Given data —
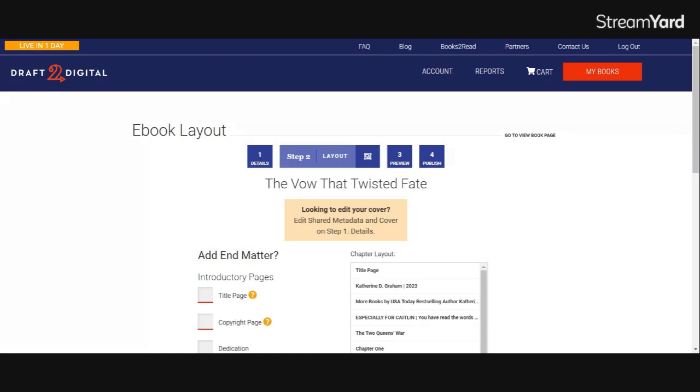If you have any other questions about universal buy links or Draft2Digital, feel free to drop them in the comments. I will do my best to get those for you. I do not work for Draft2Digital, so some things may be best sending to their support if you try to do this and it's just not working. But I'm happy to chat author to author. Thanks for watching, everybody. Bye.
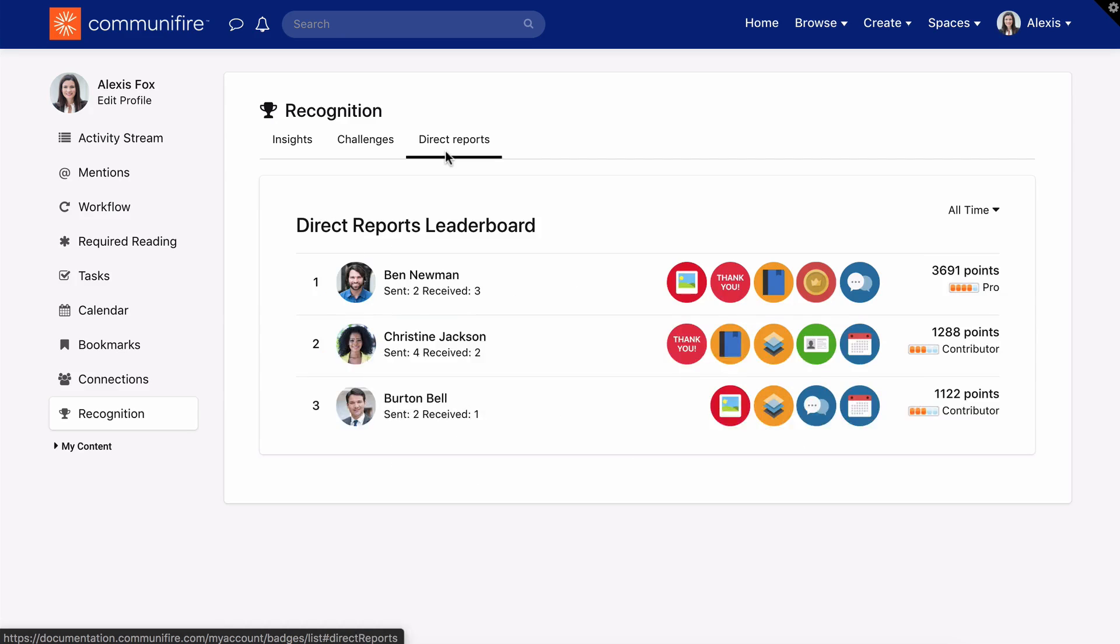If enabled, you'll also see a leaderboard of your direct reports. Recognition is a personable way to commend people for their contributions and accomplishments, give well-deserved visibility to active users, and add healthy competition to your intranet. They're intelligently designed to boost engagement and participation in your organization by acknowledging your employees and building a supportive community.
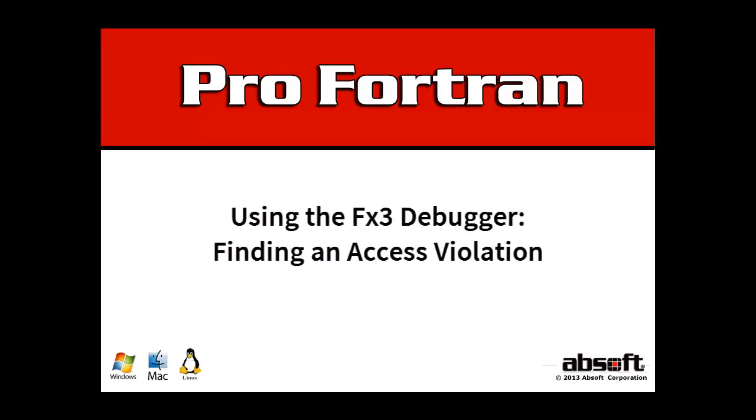Welcome to this video tutorial on using the Absof FX3 debugger, the source-level debugger included with Absof Pro Fortran.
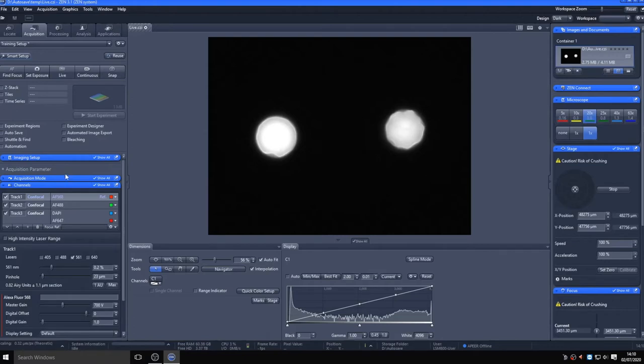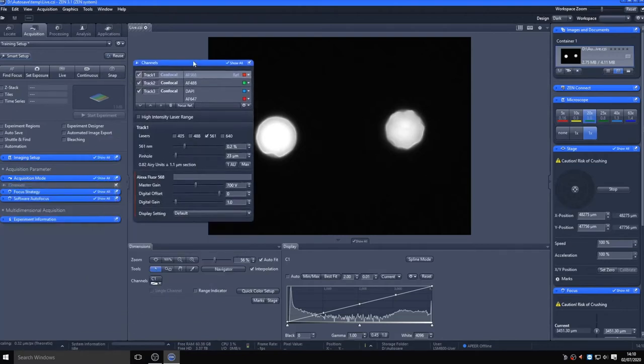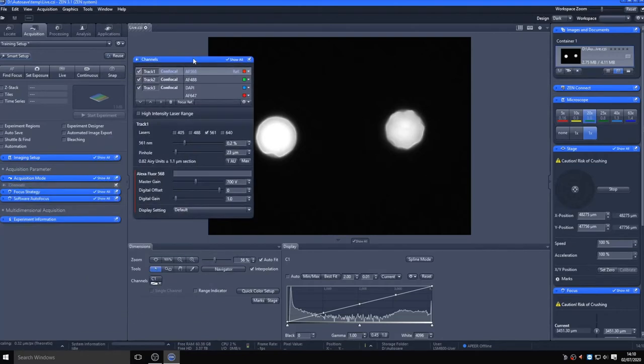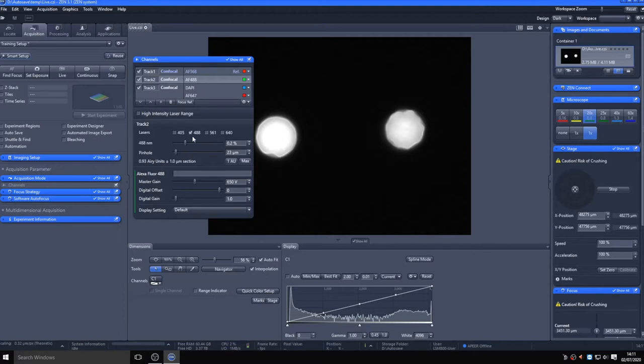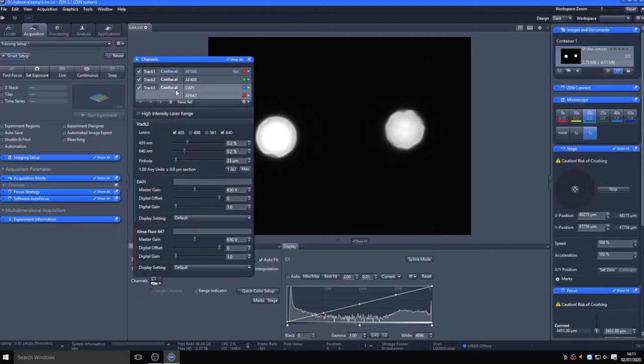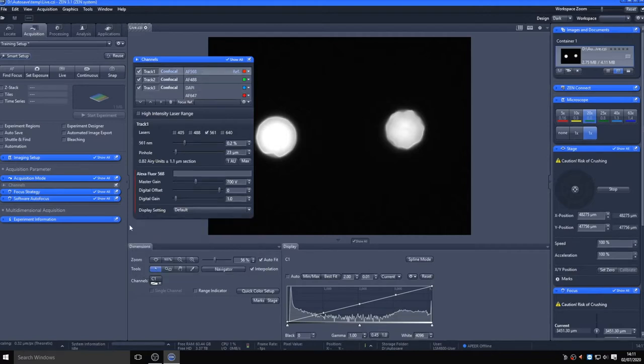You can pop out the toolbars and rearrange as you prefer. Here I have popped the channels tab out so we can see that and the rest of the acquisition parameters at the same time. You can see the system has been set up in three separate tracks with default laser powers and gain settings: 568 and 488 singly, using the 561 and 488 lasers respectively, and a third track with DAPI and 647 fluorophores, where both 405 and 640 nanometer lasers are on at the same time.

Your instructions — Leaving out each picture, repeat exactly the lines above from the one that contains "If enabled, you'll" through the one that contains "Welcome to this".

Task response —
If enabled, you'll also see a leaderboard of your direct reports. Recognition is a personable way to commend people for their contributions and accomplishments, give well-deserved visibility to active users, and add healthy competition to your intranet. They're intelligently designed to boost engagement and participation in your organization by acknowledging your employees and building a supportive community.
Welcome to this video tutorial on using the Absof FX3 debugger, the source-level debugger included with Absof Pro Fortran.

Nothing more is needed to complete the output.